Please reproduce the entries below exactly, starting at the first line and ending with the line that holds "Google Pixel 8a 1".
━━━
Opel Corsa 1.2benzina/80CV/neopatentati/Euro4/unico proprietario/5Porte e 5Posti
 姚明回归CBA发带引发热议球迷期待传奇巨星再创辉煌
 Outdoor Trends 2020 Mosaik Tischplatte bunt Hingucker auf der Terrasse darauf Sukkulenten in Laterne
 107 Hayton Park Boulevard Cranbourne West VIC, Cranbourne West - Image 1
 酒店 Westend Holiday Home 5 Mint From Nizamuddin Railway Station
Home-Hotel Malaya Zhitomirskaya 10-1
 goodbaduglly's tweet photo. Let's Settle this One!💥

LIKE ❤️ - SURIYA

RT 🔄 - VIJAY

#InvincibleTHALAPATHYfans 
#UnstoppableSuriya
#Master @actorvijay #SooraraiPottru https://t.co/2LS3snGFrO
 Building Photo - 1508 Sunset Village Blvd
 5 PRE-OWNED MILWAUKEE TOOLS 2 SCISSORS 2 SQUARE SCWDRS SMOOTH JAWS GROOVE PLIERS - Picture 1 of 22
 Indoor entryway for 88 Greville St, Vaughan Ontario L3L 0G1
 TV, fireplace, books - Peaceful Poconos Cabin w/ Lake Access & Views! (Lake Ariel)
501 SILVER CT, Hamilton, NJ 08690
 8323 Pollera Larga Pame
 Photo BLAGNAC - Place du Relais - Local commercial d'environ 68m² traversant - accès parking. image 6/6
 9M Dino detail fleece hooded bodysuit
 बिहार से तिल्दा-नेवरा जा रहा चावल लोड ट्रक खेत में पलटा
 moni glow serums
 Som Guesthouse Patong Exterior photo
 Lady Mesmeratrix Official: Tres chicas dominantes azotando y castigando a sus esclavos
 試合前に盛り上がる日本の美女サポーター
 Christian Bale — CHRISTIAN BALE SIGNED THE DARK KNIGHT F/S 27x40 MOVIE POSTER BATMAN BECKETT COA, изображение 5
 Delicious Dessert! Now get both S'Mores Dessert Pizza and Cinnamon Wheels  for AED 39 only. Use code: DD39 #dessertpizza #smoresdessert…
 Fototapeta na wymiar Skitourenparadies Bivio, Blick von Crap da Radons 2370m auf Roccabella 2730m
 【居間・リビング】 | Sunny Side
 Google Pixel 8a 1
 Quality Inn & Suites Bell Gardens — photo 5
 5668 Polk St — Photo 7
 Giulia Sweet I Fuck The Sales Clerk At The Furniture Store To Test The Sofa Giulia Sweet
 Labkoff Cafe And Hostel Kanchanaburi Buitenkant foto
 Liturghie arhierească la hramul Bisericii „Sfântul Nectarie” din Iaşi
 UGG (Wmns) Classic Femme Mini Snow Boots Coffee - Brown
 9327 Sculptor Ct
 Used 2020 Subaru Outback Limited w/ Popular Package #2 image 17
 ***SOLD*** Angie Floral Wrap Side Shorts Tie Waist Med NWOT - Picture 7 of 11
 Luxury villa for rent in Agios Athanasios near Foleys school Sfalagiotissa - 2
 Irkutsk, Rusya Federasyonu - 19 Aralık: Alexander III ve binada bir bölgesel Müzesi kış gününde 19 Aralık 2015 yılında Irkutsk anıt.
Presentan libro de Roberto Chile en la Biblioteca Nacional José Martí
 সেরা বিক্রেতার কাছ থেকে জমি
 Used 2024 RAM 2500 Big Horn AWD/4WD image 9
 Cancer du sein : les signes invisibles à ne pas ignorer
━━━
> [Exercise answer]:
Opel Corsa 1.2benzina/80CV/neopatentati/Euro4/unico proprietario/5Porte e 5Posti
 姚明回归CBA发带引发热议球迷期待传奇巨星再创辉煌
 Outdoor Trends 2020 Mosaik Tischplatte bunt Hingucker auf der Terrasse darauf Sukkulenten in Laterne
 107 Hayton Park Boulevard Cranbourne West VIC, Cranbourne West - Image 1
 酒店 Westend Holiday Home 5 Mint From Nizamuddin Railway Station
Home-Hotel Malaya Zhitomirskaya 10-1
 goodbaduglly's tweet photo. Let's Settle this One!💥

LIKE ❤️ - SURIYA

RT 🔄 - VIJAY

#InvincibleTHALAPATHYfans 
#UnstoppableSuriya
#Master @actorvijay #SooraraiPottru https://t.co/2LS3snGFrO
 Building Photo - 1508 Sunset Village Blvd
 5 PRE-OWNED MILWAUKEE TOOLS 2 SCISSORS 2 SQUARE SCWDRS SMOOTH JAWS GROOVE PLIERS - Picture 1 of 22
 Indoor entryway for 88 Greville St, Vaughan Ontario L3L 0G1
 TV, fireplace, books - Peaceful Poconos Cabin w/ Lake Access & Views! (Lake Ariel)
501 SILVER CT, Hamilton, NJ 08690
 8323 Pollera Larga Pame
 Photo BLAGNAC - Place du Relais - Local commercial d'environ 68m² traversant - accès parking. image 6/6
 9M Dino detail fleece hooded bodysuit
 बिहार से तिल्दा-नेवरा जा रहा चावल लोड ट्रक खेत में पलटा
 moni glow serums
 Som Guesthouse Patong Exterior photo
 Lady Mesmeratrix Official: Tres chicas dominantes azotando y castigando a sus esclavos
 試合前に盛り上がる日本の美女サポーター
 Christian Bale — CHRISTIAN BALE SIGNED THE DARK KNIGHT F/S 27x40 MOVIE POSTER BATMAN BECKETT COA, изображение 5
 Delicious Dessert! Now get both S'Mores Dessert Pizza and Cinnamon Wheels  for AED 39 only. Use code: DD39 #dessertpizza #smoresdessert…
 Fototapeta na wymiar Skitourenparadies Bivio, Blick von Crap da Radons 2370m auf Roccabella 2730m
 【居間・リビング】 | Sunny Side
 Google Pixel 8a 1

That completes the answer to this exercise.